Blackwell S, Romero R, Chaiworapongsa T, Refuerzo J, Gervasi M T, Yoshimatsu J, Espinoza J, Berman S, Yoon B H
Department of Obstetrics and Gynecology, Wayne State University/Hutzel Hospital, Detroit, Michigan 48201, USA.
J Matern Fetal Neonatal Med. 2003 Oct;14(4):241-6. doi: 10.1080/jmf.14.4.241.246.
The causes of fetal death are largely unknown. CD4 T cells have been classified according to the expression of the CD45 isoforms into 'naive-like' T cells (CD45RA) and 'memory-like' T cells (CD45RO). An increase in the percentage of the CD45RO has been interpreted as indicating prior antigenic exposure of the host and, in newborns, evidence of infection. The purpose of this study was to determine whether unexplained fetal death was associated with a change in the proportion of 'naive-like' and 'memory-like T cells' in the maternal blood, as determined by the CD45 isoforms on the surface of CD4+ lymphocytes.
A prospective study was conducted to compare the CD45 sub-population of lymphocytes in patients with intrauterine fetal death (n = 26) and normal pregnancy (n = 89). The percentages of CD45RA+, CD45RO+ and CD45RA+/CD45RO+ on CD4+ T lymphocytes were determined in maternal blood using flow cytometry and monoclonal antibodies. Results were reported as a percentage of CD4+ lymphocytes. Non-parametric statistics were used for analysis. A p value of < 0.05 was considered significant.
Patients with intrauterine fetal death had a higher percentage of CD45RO+ CD4+ T lymphocytes than normal pregnant women (fetal death: median 57.7%, range 35.4-78.6 vs. normal pregnancy: median 49.9%, range 19.1-86.8; p = 0.004). Fetal death was associated with a lower median percentage of CD45RA+ CD4+ lymphocytes than in normal pregnant women (fetal death: median 32.3%, range 15.3-58.0 vs. normal pregnancy: median 40.2%, range 11.2-67.3; p = 0.01).

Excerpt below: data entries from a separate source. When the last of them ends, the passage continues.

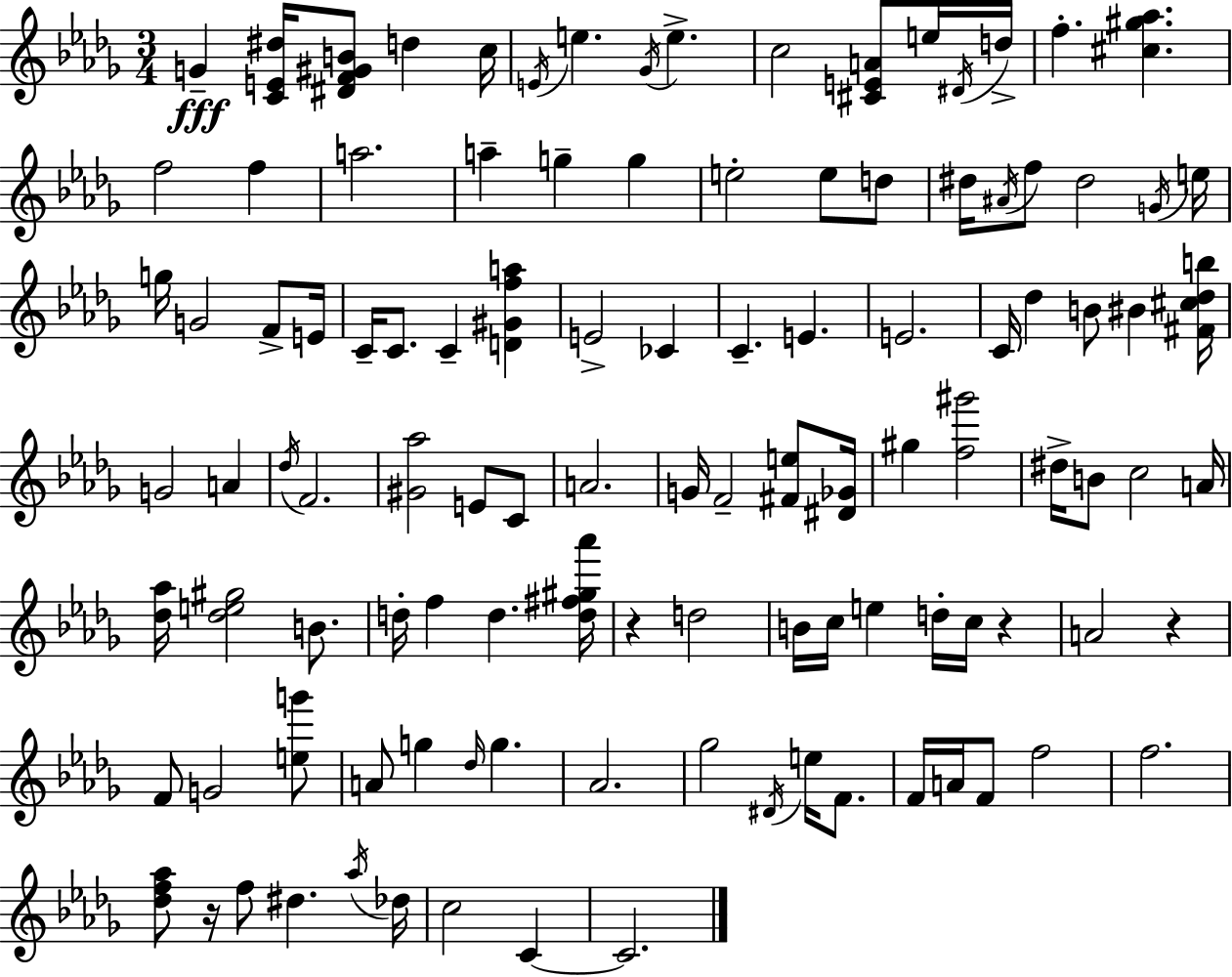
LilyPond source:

{
  \clef treble
  \numericTimeSignature
  \time 3/4
  \key bes \minor
  g'4--\fff <c' e' dis''>16 <dis' f' gis' b'>8 d''4 c''16 | \acciaccatura { e'16 } e''4. \acciaccatura { ges'16 } e''4.-> | c''2 <cis' e' a'>8 | e''16 \acciaccatura { dis'16 } d''16-> f''4.-. <cis'' gis'' aes''>4. | \break f''2 f''4 | a''2. | a''4-- g''4-- g''4 | e''2-. e''8 | \break d''8 dis''16 \acciaccatura { ais'16 } f''8 dis''2 | \acciaccatura { g'16 } e''16 g''16 g'2 | f'8-> e'16 c'16-- c'8. c'4-- | <d' gis' f'' a''>4 e'2-> | \break ces'4 c'4.-- e'4. | e'2. | c'16 des''4 b'8 | bis'4 <fis' cis'' des'' b''>16 g'2 | \break a'4 \acciaccatura { des''16 } f'2. | <gis' aes''>2 | e'8 c'8 a'2. | g'16 f'2-- | \break <fis' e''>8 <dis' ges'>16 gis''4 <f'' gis'''>2 | dis''16-> b'8 c''2 | a'16 <des'' aes''>16 <des'' e'' gis''>2 | b'8. d''16-. f''4 d''4. | \break <d'' fis'' gis'' aes'''>16 r4 d''2 | b'16 c''16 e''4 | d''16-. c''16 r4 a'2 | r4 f'8 g'2 | \break <e'' g'''>8 a'8 g''4 | \grace { des''16 } g''4. aes'2. | ges''2 | \acciaccatura { dis'16 } e''16 f'8. f'16 a'16 f'8 | \break f''2 f''2. | <des'' f'' aes''>8 r16 f''8 | dis''4. \acciaccatura { aes''16 } des''16 c''2 | c'4~~ c'2. | \break \bar "|."
}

There was no significant difference in the percentage of cells with dual expression (CD45RA+/CD45RO+) between the study groups.
Prior exposure to microbial products (bacterial or viral) or other unidentified antigens may result in a shift of the sub-population of 'naive-like' T cells to 'memory-like' T cells in mothers with unexplained fetal death.
胎儿死亡的原因大多不明。CD4 T细胞已根据CD45异构体的表达分为“幼稚样”T细胞(CD45RA)和“记忆样”T细胞(CD45RO)。CD45RO百分比的增加被解释为表明宿主先前有抗原暴露,而在新生儿中则为感染证据。本研究的目的是确定原因不明的胎儿死亡是否与母体血液中“幼稚样”和“记忆样”T细胞比例的变化有关,该比例由CD4 +淋巴细胞表面的CD45异构体决定。
进行一项前瞻性研究,比较宫内胎儿死亡患者(n = 26)和正常妊娠患者(n = 89)淋巴细胞的CD45亚群。使用流式细胞术和单克隆抗体测定母体血液中CD4 + T淋巴细胞上CD45RA +、CD45RO +和CD45RA + / CD45RO +的百分比。结果以CD4 +淋巴细胞的百分比报告。采用非参数统计进行分析。p值<0.05被认为具有统计学意义。
宫内胎儿死亡患者的CD45RO + CD4 + T淋巴细胞百分比高于正常孕妇(胎儿死亡:中位数57.7%,范围35.4 - 78.6 vs. 正常妊娠:中位数49.9%,范围19.1 - 86.8;p = 0.004)。与正常孕妇相比,胎儿死亡与CD45RA + CD4 +淋巴细胞的中位数百分比更低有关(胎儿死亡:中位数32.3%,范围15.3 - 58.0 vs. 正常妊娠:中位数40.2%,范围11.2 - 67.3;p = 0.01)。研究组之间双表达细胞(CD45RA + / CD45RO +)的百分比无显著差异。
先前暴露于微生物产物(细菌或病毒)或其他未明抗原可能导致原因不明的胎儿死亡母亲中“幼稚样”T细胞亚群向“记忆样”T细胞转变。